Employees placed on leave for trading abuses

Dec 22, 2003 |

Franklin Resources, the fourth-largest U.S. mutual fund company, said Monday that three employees were placed on leave for improper frequent trading in its funds.

In a regulatory filing, Franklin said "a few" current or former employees engaged in rapid "market timing" trading of fund shares in their personal 401(k) accounts. Two of these employees, a trader and an officer, are on administrative leave and the officer has resigned his positions with the funds, Franklin said.

A third employee, an officer of a subsidiary, also is on leave, the company added.

San Mateo, Calif.-based Franklin, with $322 billion in assets under management, oversees the Franklin and Templeton fund families.
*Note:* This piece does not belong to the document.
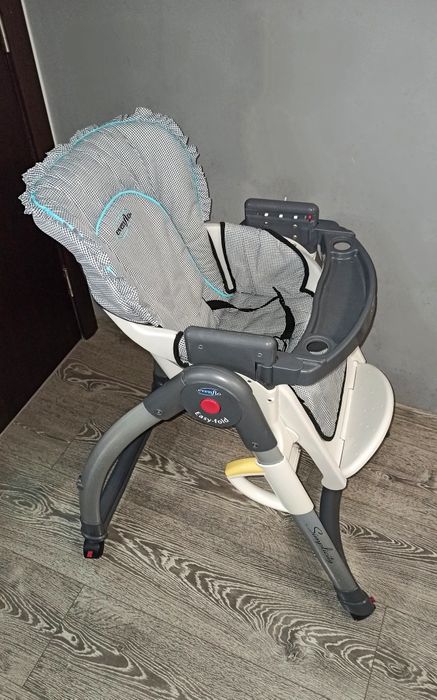 Детско столче за хранене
A Franklin spokesman declined to elaborate further about the disciplined employees or the funds they traded. In a statement on its Web site on Monday, Franklin said it has identified various instances of frequent trading where it is questioning the "propriety of what occurred." The company added that it has yet to complete an internal probe but has found no instances of inappropriate mutual fund trading by any portfolio manager, investment analyst or officer.

However, Franklin said it has received subpoenas from prosecutors for the U.S. Attorney's office for the Northern District of California and the District of Massachusetts. Franklin, the focus of a Securities and Exchange Commission investigation, has previously disclosed requests for information from New York Attorney General Eliot Spitzer, Massachusetts's Secretary of State and the SEC. See full story.

"These requests for information and subpoenas do not imply any wrongdoing, and neither Franklin Resources, Inc., nor any of our subsidiaries or personnel, has been named in any complaint by the SEC or any other government agency in connection with these ongoing investigations," the company said in a statement.

Franklin's announcement comes after fund giant Janus Capital Group said Friday that it would repay $31.5 million to customers harmed by improper fund trading. Denver-based Janus was among four firms Spitzer named in his September complaint against Canary Capital. Janus allegedly permitted Canary to make improper short-term trades in its stock- and bond funds.

Separately, Franklin said Monday that the SEC has asked it to furnish documents related to its investigation of Morgan Stanley. In November, Morgan agreed to pay $50 million to settle SEC charges of improper fund sales practices.

Morgan, which did not admit or deny wrongdoing, failed to disclose monetary incentives paid to financial advisers and branch managers for steering customers to products of certain fund companies, which in turn paid Morgan for the promotion.